Oh, and by the way, my friend Lené Gary in Vermont (another snowy place) found this prose poem she wrote for others in snow right now—wildflower buds buried below. Thanks Lené!
Ear to Ground
“To hear the waltz of a bluet, the trill of a lily, the piping rupture of a wake robin in its potential maroon, requires the ear of a flowering heart to catch life limber (underground) months before the first of June. Today is a day I heard them. Goldthreads with their fairied flutes, clintonia with their drums, blue-eyed grass, I knew them well, by their high-pitched hum. Mud nearly rumbled. You’d think it was the frogs. The world is dancing beneath this frosty hue. To bloom, just listen (put your ear right here).” ~ Lené Gary
She’s quite the talent!
I love the spring flowers and the wonderful poem by your friend. I hear the flowers getting ready to spring slowly out from under the snow–while waiting I watch and listen to the chickadees chirp outside my window. Soon they will return to the forest and the robins will arrive and the “peepers” will begin their morning and evening songs.

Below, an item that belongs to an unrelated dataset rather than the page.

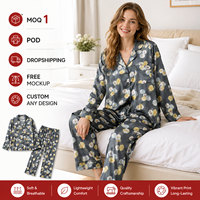 Ensemble de pyjama d'été en mousseline douce à imprimé floral marguerite, soyeux, respirant, écologique, à manches longues, avec taille élastique pour femme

Oh I love your additional poetry to the post… thank you so much Wavey!
Lené’s words were a wonderful add to this piece. She caught it right. (I also loved Dave’s comment.) I walk into a wintry field, hard after the weekend rain, with the stubble now showing through the lingering crust of snow. Part of the beauty of that field is the wildflowers that will bloom all too soon, all too soon and then be gone again.